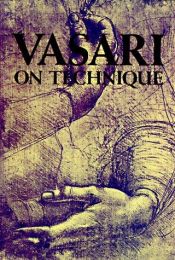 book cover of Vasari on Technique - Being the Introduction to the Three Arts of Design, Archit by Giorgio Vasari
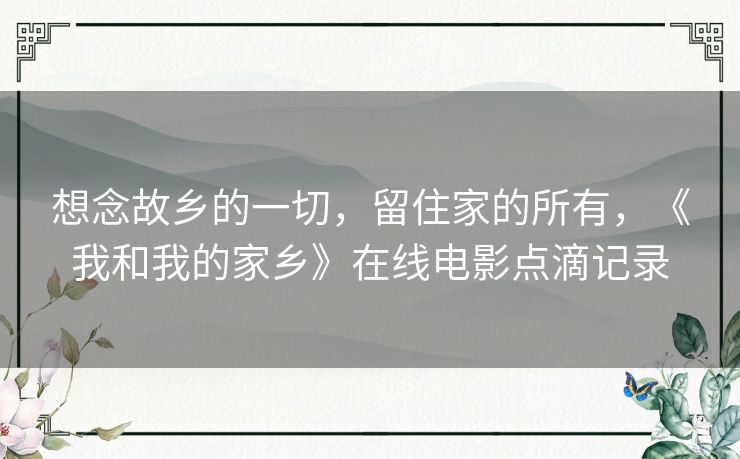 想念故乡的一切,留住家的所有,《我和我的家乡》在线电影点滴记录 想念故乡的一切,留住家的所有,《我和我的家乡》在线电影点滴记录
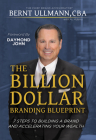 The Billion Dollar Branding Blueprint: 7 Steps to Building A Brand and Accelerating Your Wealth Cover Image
- - -
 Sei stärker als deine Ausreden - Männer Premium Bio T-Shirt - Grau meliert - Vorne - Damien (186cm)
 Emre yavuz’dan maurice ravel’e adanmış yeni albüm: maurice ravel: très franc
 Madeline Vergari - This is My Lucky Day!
- - -
Among the entries above, locate the lines containing "Emre yavuz’dan maurice" and "Madeline Vergari - This is My Lucky Day!", and transcribe exactly those two lines and all lines between.

Answer to this problem:
 Emre yavuz’dan maurice ravel’e adanmış yeni albüm: maurice ravel: très franc
 Madeline Vergari - This is My Lucky Day!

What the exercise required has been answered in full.